In the second half the next goal at Goodison didn’t go to the visitors. Everton, who had nothing to play for, doubled their lead when Bruce Rioch scored. Sunderland were now in trouble yet as long as one of the sides at Highfield Road was winning, they were safe.
Then there was a goal at Highfield Road. Tommy Hutchison scored his second of the game to give Coventry a 2-0 lead. Bristol City now looked unlikely to resurrect their season. Sunderland could now relax a bit. Or so they thought.
A cross from the left to the right-hand side of the Coventry area, was headed back by Don Gillies straight to Gerry Gow. He was unmarked and able to fire home a goal for the visitors. This was Gow’s twenty-seventh game of the season and he was yet to score. Until tonight.
Sunderland were in a precarious position. Another goal for Bristol City and they were down. If there was to be another goal at Highfield Road then they needed the home side to get it. There was little chance of Sunderland getting back into their match.
There was another goal at Highfield Road. Again the ball was crossed to the right side of the Coventry penalty area and once Don Gillies was there but this time he had space and time to volley it past Les Sealey. The travelling support went nuts. From two goals down and going down, they were now back in the race.
The final whistle blew at Goodison Park. Everton had won 2-0. Sunderland fans were now finding out from the few who had transistor radios with them, that the Coventry game was still going on.
In the early days of Jimmy Hill’s management at Coventry, he had been a pioneer by installing an electronic scoreboard in the ground. No other clubs had one. By 1977 few clubs had seen the point. But right now they were able to take full advantage of this. Flashed up on the screen was the final score from Goodison Park.

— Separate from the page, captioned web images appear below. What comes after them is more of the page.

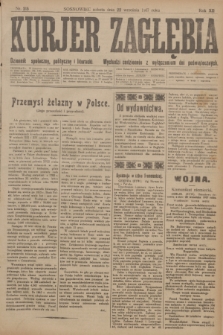 Kurjer Zagłębia : dziennik społeczny, polityczny i literacki. R.12, nr 215 (22 września 1917)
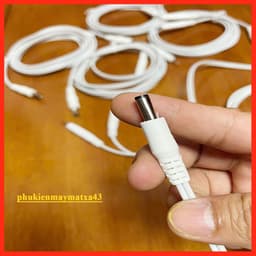 Dây điện xung đa năng giắc 5.5mm ra 02 đầu kim dùng cho máy KWD 808 đời cũ, máy massage điện xung 6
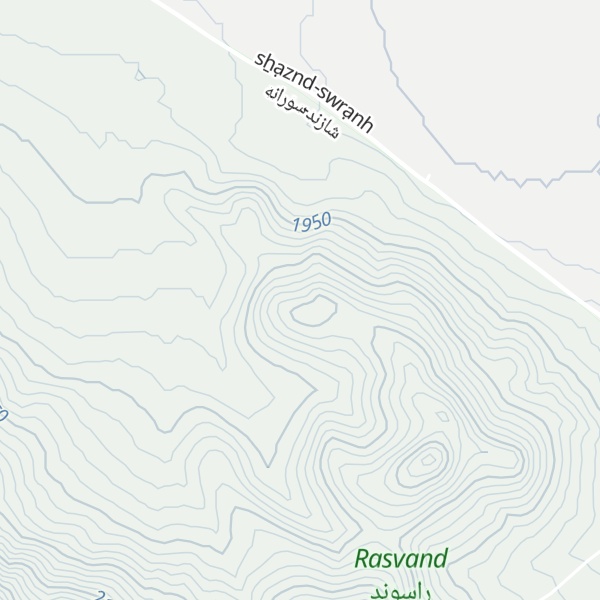 Map of Tappeh-ye Derāzeh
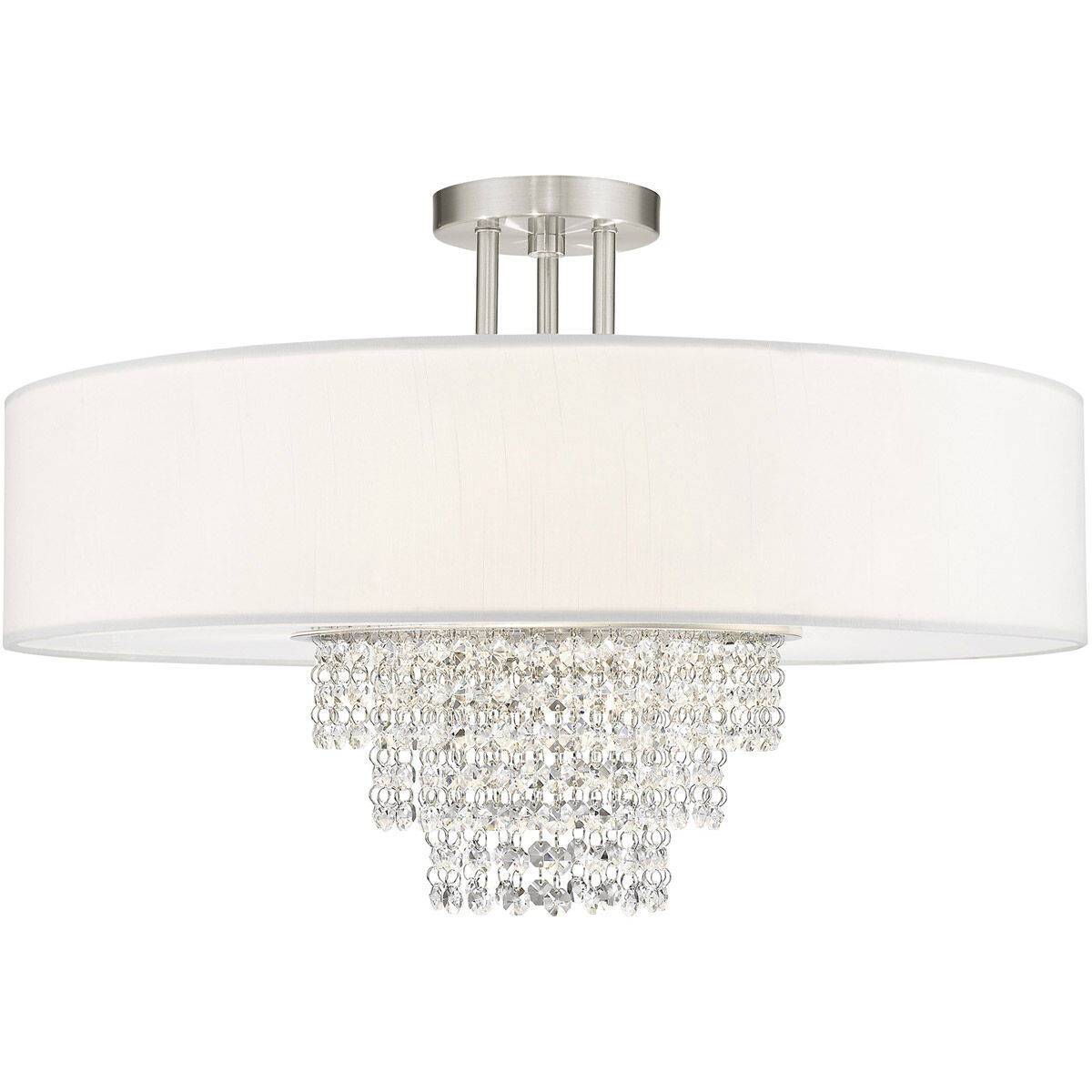 Carlisle 5 Light 22 inch Brushed Nickel Semi-Flush Mount Ceiling Light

As if to ram home the fact, Jimmy Hill also raced up to the tannoy announcer and told him to announce the final score. So now everyone in the ground, particularly the players were aware both clubs were safe. Witnesses have declared what followed was mainly two sets of players just knocking the ball around between themselves with no fear of being tackled. No more shots on goal. A truce, if you like. The Guardian reported “what had been an intensely physical contest dissolved farcically”. Therefore the game ended 2-2 and both clubs were safe from relegation.

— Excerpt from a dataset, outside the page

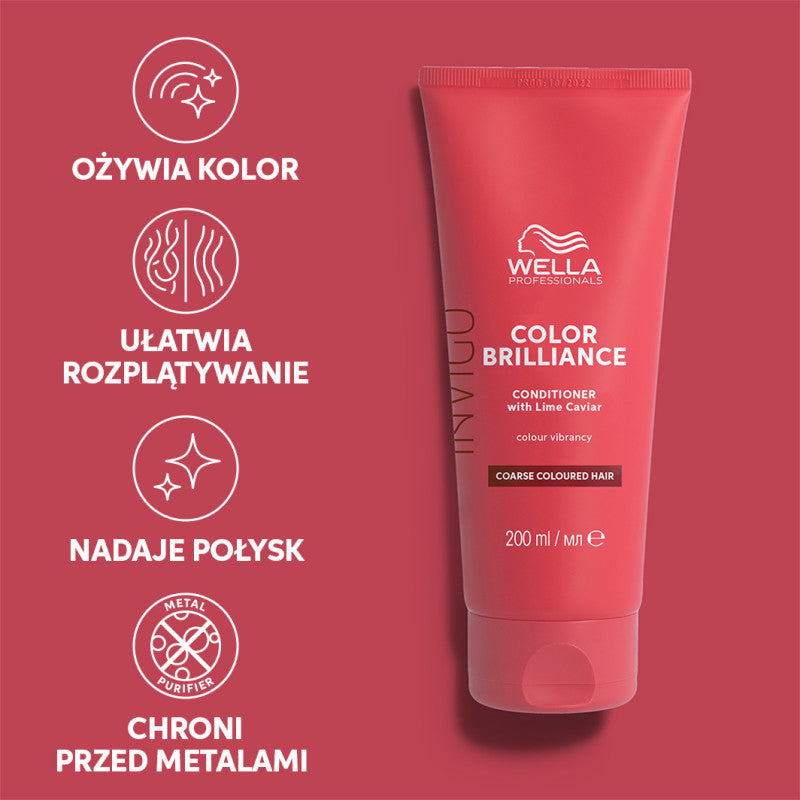 WELLA PROFESSIONALS INVIGO COLOR BRILLIANCE Odżywka do włosów grubych 1000 ml #2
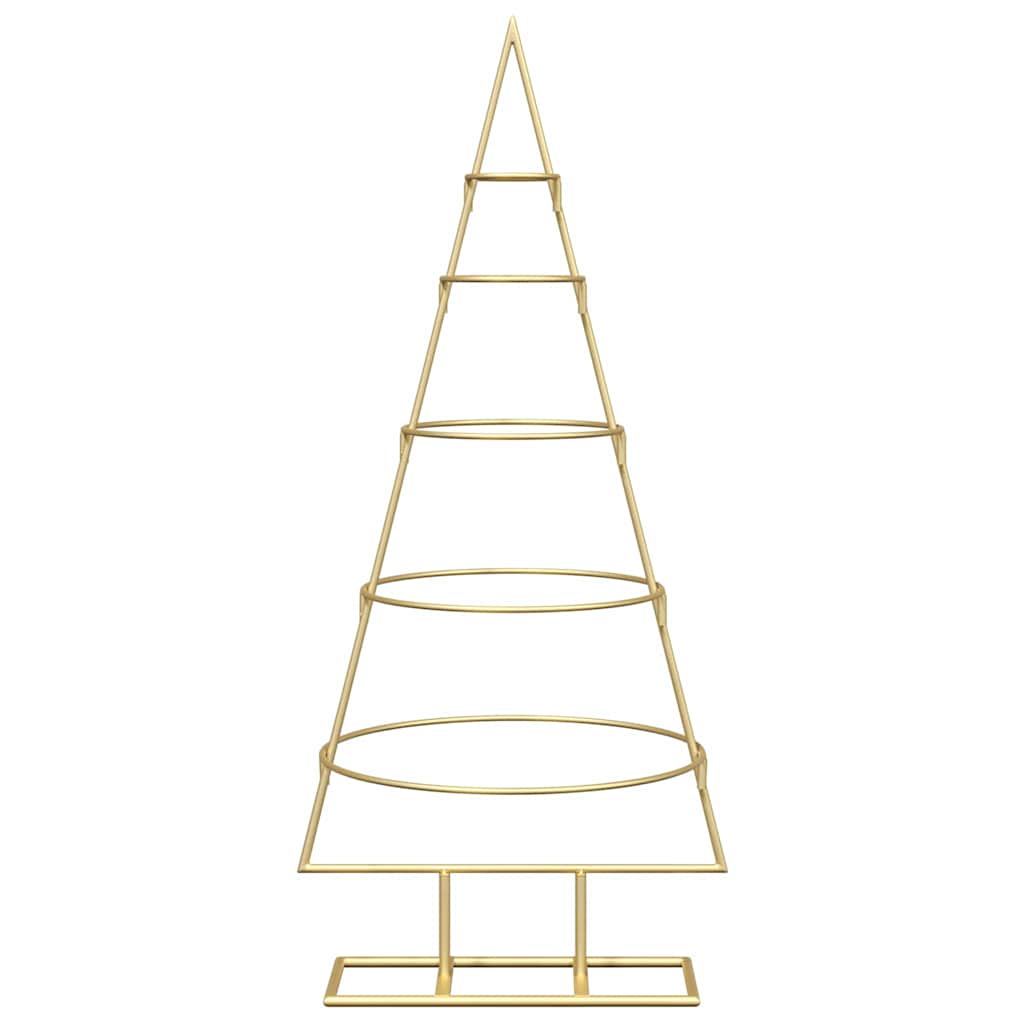 Metal Christmas Tree with Stand Gold 90 cm Powder-coated steel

|Coventry City||2||:||2||Bristol City|
The fall out
Sunderland were seething. So was The FA. Alan Hardaker, Secretary of the Football League sent a letter of reprimand to Coventry. Jimmy Hill was ‘dragged across the coals’ for delaying the kick-off, which basically amounted to a slap on the wrist. But the results stood. Sunderland were relegated. They started the week seventh from bottom but one of five clubs on thirty-four points. Their goal difference was decent for a club so close to trouble. Ultimately, Bristol City did for them. Their victory over Liverpool changed their fortunes. They also came back from two goals down at Coventry in their final game. Something Sunderland couldn’t do at Everton.

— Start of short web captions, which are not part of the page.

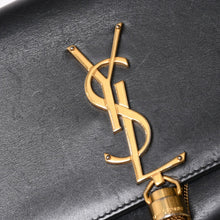 画像をギャラリービューアに読み込む, 極美品 SAINT LAURENT サンローラン ショルダーバッグ ゴールド ブラック YSLロゴ ゴールド金具 中古 4a002516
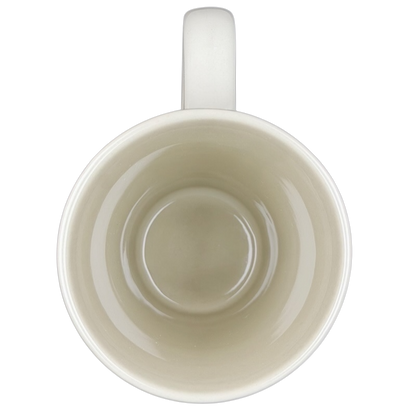 Interior view of a Natural Life Life is Good mug featuring a simple, smooth design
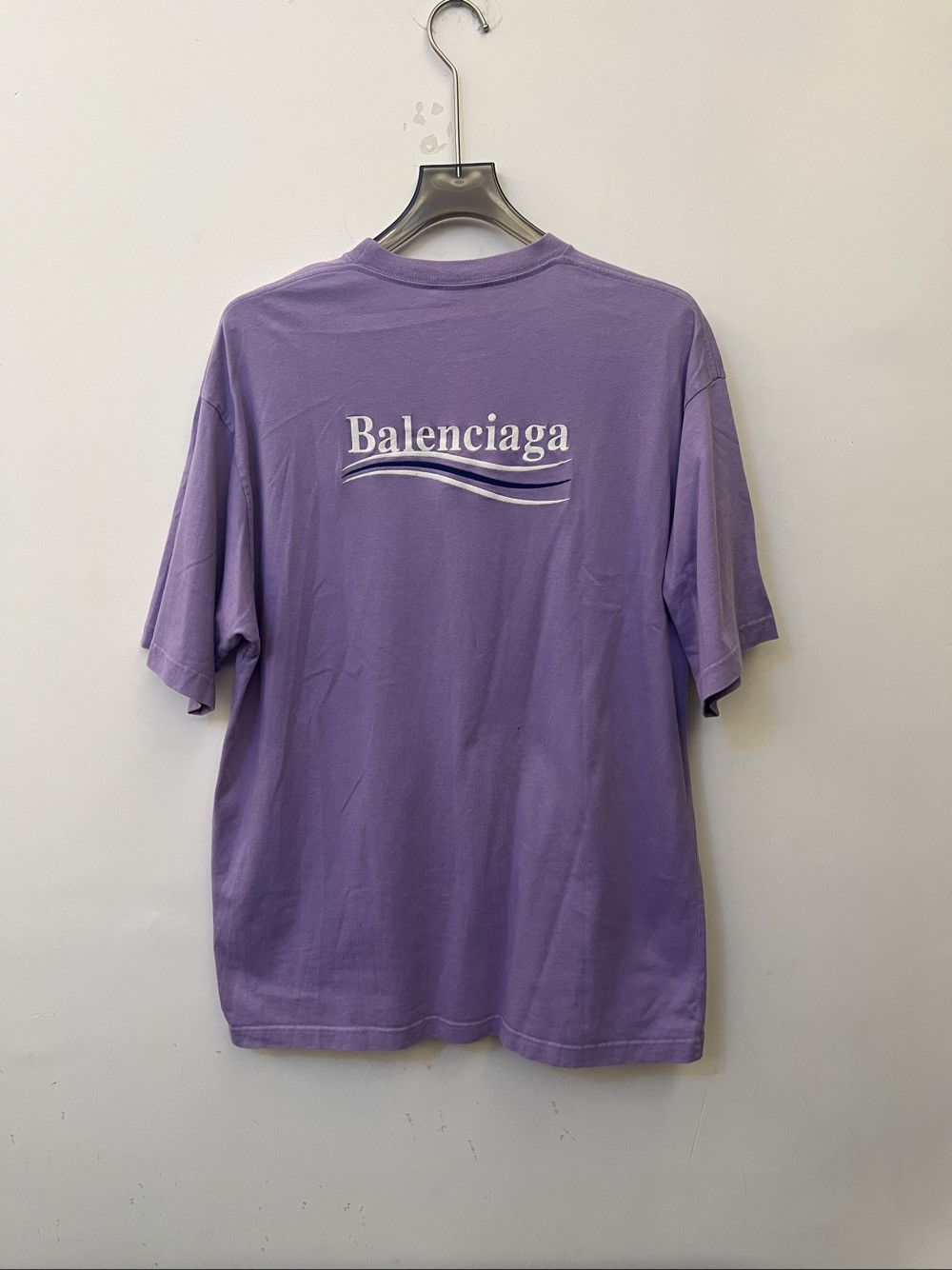 Balenciaga Balenciaga Wave Logo T-Shirt Size M Size US M / EU 48-50 / 2 - 2 Thumbnail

Sunderland fans haven’t forgotten it, or forgiven Jimmy Hill. In 2008 when his club Fulham took on Sunderland at Craven Cottage, Hill had to be lead away by the Police for his own safety as a chorus of boos and abuse was directed his way.
Queen’s Park Rangers completed their fixture schedule with draws at Aston Villa and at home to Birmingham City. Manchester United beat Liverpool in the FA Cup Final. Then Liverpool went to Rome and became only the second English side to win the European Cup.
During the following season, Coventry achieved one of their highest placings in the First Division when they finished seventh, just two points off a UEFA Cup place. Bristol City finished sixth from bottom and QPR escaped relegation by a point.
West Ham weren’t so lucky this time as they went down with Newcastle United and Leicester City. Leicester managed a paltry twenty six goals in their forty two matches.
Neither Sunderland or Stoke managed it back up the next season, but Tottenham did. They finished ahead of Brighton by goal difference.